# Crank-Nicholson Implicit Scheme

Crank-Nicholson Implicit Scheme

This post is part of a series of Finite Difference Method Articles. Other posts in the series concentrate on Derivative Approximation, Solving the Diffusion Equation Explicitly and the Tridiagonal Matrix Solver/Thomas Algorithm:

In the previous tutorial on Finite Difference Methods it was shown that the explicit method of numerically solving the heat equation lead to an extremely restrictive time step. This motivates another scheme which allows for larger time steps, but with the trade off of more computational work per step. This method is known as the Crank-Nicolson scheme.

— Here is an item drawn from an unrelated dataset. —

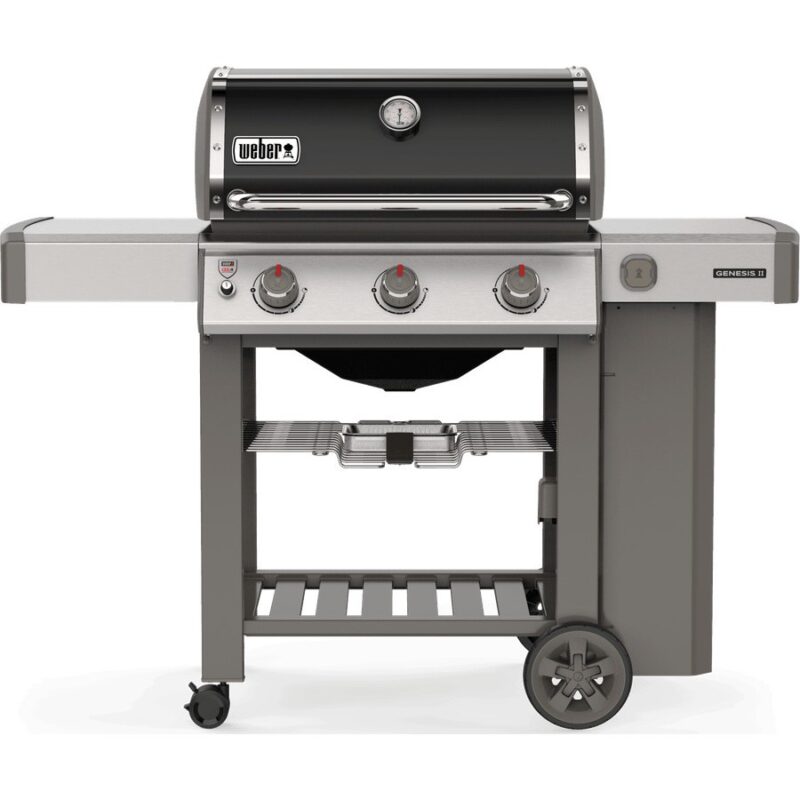 Weber Genesis II E-310 GBS 61011129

The explicit method for the heat-equation involved a forward difference term for the time derivative and a centred second derivative for the second space derivative:

$\frac{f^{n+1}_i - f^n_i}{\Delta t} = \frac{f^n_{i+1}- 2f^n_i + f^n_{i-1}}{(\Delta x)^2}$

## An Implicit Scheme

The Crank-Nicolson scheme modifies this to incorporate a weighted average of the second spatial step at time $n$ and time $n+1$. An obvious response is that the values of $f$ are not known at $n+1$ and questions arise over how they are calculated. These questions will be answered below. One final question occurs over how to split the weighting of the two second derivatives. The Crank-Nicolson scheme uses a 50-50 split, but others are possible. Stability is a concern here with $\frac{1}{2} \leq \theta \le 1$ where $\theta$ is the weighting factor.

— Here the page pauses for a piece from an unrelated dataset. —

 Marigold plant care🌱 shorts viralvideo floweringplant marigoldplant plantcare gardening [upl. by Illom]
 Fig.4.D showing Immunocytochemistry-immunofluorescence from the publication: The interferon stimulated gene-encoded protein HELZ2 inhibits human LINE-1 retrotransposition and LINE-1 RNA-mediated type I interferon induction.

The Crank-Nicolson scheme for the 1D heat equation is given below by:

$\frac{f^{n+1}_i - f^n_i}{\Delta t} = \frac{f^n_{i+1}- 2f^n_i + f^n_{i-1}}{2(\Delta x)^2} + \frac{f^{n+1}_{i+1}- 2f^{n+1}_i + f^{n+1}_{i-1}}{2(\Delta x)^2}$

Letting $r=\frac{\Delta t}{(\Delta x)^2}$, this equation can be rearranged to group the known and unknown terms separately:

$-\frac{r}{2} f^{n+1}_{i+1} + (1+r)f^{n+1}_i -\frac{r}{2} f^{n+1}_{i-1} = \frac{r}{2} f^{n}_{i+1} + (1-r)f^{n}_i + \frac{r}{2} f^{n}_{i-1}$

Since there three unkown terms on the left hand side, it indicates that for each time step a set of simultaneous linear equations must be solved. For any particular time step $n$ there will be $I-2$ equations to solve. These correspond to each of the interior spatial grid points. Since we are using Dirichlet boundary conditions (i.e. fixed), the end points do not require such a linear system to be solved.

The linear system can be represented by a matrix equation $AF=D$, where $a=-\frac{r}{2}$, $b=(1+r)$, $c=-\frac{r}{2}$, $d_i=\frac{r}{2} f^{n}_{i+1} + (1-r)f^{n}_i + \frac{r}{2} f^{n}_{i-1}$ and $k$ runs from $2$ until $I-1$:

$\begin{bmatrix} b & c & 0 & 0 & ... & 0 \\ a & b & c & 0 & ... & 0 \\ 0 & a & b & c & 0 & 0 \\ . & . & & & & . \\ . & . & & & & . \\ . & . & & & & c \\ 0 & 0 & 0 & 0 & a & b \\ \end{bmatrix} \begin{bmatrix} f_1 \\ f_2 \\ f_3 \\ .\\ .\\ .\\ f_k \\ \end{bmatrix} = \begin{bmatrix} d_1 \\ d_2 \\ d_3 \\ .\\ .\\ .\\ d_k \\ \end{bmatrix}$

## Solving the Linear System

A first attempt at solving this system might involve inverting the matrix $A$ to give the values of the column matrix $F$ as $F=A^{-1}D$. However this is far from the most optimal method and does not take into account the sparsity or the banded structure of the matrix $A$. In the next tutorial it will be shown how this matrix can be solved in an efficient manner so that the work done at each time step is minimised.